_Task objective:_ Of the records below, reproduce only the span that opens with the line containing "Куртка софтшелл чоловіча" and closes with the last line.

──────────

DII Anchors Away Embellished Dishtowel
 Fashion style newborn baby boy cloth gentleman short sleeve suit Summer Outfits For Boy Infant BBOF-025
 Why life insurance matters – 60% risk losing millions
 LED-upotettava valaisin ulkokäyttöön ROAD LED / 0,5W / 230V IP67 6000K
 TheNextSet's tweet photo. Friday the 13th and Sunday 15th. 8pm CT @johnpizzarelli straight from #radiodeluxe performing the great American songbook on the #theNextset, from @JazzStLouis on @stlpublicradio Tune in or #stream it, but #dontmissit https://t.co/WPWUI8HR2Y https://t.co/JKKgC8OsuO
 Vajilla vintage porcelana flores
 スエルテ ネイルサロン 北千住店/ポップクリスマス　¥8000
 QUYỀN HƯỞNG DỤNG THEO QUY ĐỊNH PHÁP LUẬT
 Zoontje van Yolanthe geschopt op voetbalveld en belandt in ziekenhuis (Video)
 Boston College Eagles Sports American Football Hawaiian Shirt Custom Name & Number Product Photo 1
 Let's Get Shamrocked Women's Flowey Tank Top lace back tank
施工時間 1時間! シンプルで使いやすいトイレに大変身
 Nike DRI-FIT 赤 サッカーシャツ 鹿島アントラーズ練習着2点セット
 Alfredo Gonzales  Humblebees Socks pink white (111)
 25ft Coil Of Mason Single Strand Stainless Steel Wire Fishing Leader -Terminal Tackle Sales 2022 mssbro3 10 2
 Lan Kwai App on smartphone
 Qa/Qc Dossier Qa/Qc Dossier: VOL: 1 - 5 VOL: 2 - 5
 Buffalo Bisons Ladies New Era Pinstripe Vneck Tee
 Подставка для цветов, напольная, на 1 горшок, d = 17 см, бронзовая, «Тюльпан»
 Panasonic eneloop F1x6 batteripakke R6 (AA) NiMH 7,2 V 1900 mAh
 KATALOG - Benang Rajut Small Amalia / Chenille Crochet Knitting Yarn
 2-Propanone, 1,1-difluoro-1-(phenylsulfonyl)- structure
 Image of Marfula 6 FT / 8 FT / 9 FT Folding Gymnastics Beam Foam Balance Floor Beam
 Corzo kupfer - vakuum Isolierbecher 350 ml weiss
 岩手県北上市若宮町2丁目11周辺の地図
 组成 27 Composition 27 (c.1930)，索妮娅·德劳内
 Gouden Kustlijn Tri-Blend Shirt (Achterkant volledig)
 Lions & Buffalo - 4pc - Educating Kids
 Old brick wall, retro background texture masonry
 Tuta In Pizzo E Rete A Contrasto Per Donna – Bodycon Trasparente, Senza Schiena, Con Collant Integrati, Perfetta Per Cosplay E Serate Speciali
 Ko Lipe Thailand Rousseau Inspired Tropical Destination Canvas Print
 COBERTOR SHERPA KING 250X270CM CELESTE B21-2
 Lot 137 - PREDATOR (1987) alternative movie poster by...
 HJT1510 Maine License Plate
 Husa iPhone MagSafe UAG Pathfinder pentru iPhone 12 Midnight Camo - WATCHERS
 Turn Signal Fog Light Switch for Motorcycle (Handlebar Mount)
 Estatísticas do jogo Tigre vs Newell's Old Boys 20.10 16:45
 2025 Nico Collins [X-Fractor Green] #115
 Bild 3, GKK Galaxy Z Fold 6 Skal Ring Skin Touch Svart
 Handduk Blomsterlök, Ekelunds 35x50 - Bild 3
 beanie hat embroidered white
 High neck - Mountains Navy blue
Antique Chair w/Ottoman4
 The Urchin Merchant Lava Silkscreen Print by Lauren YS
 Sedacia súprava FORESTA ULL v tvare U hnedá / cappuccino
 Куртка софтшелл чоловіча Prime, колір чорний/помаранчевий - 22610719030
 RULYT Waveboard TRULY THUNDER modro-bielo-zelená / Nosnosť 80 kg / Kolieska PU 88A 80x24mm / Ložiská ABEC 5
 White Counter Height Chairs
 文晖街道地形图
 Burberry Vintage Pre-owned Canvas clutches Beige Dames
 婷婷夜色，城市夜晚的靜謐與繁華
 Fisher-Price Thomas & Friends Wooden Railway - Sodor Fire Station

──────────

_Output of the task:_
 Куртка софтшелл чоловіча Prime, колір чорний/помаранчевий - 22610719030
 RULYT Waveboard TRULY THUNDER modro-bielo-zelená / Nosnosť 80 kg / Kolieska PU 88A 80x24mm / Ložiská ABEC 5
 White Counter Height Chairs
 文晖街道地形图
 Burberry Vintage Pre-owned Canvas clutches Beige Dames
 婷婷夜色，城市夜晚的靜謐與繁華
 Fisher-Price Thomas & Friends Wooden Railway - Sodor Fire Station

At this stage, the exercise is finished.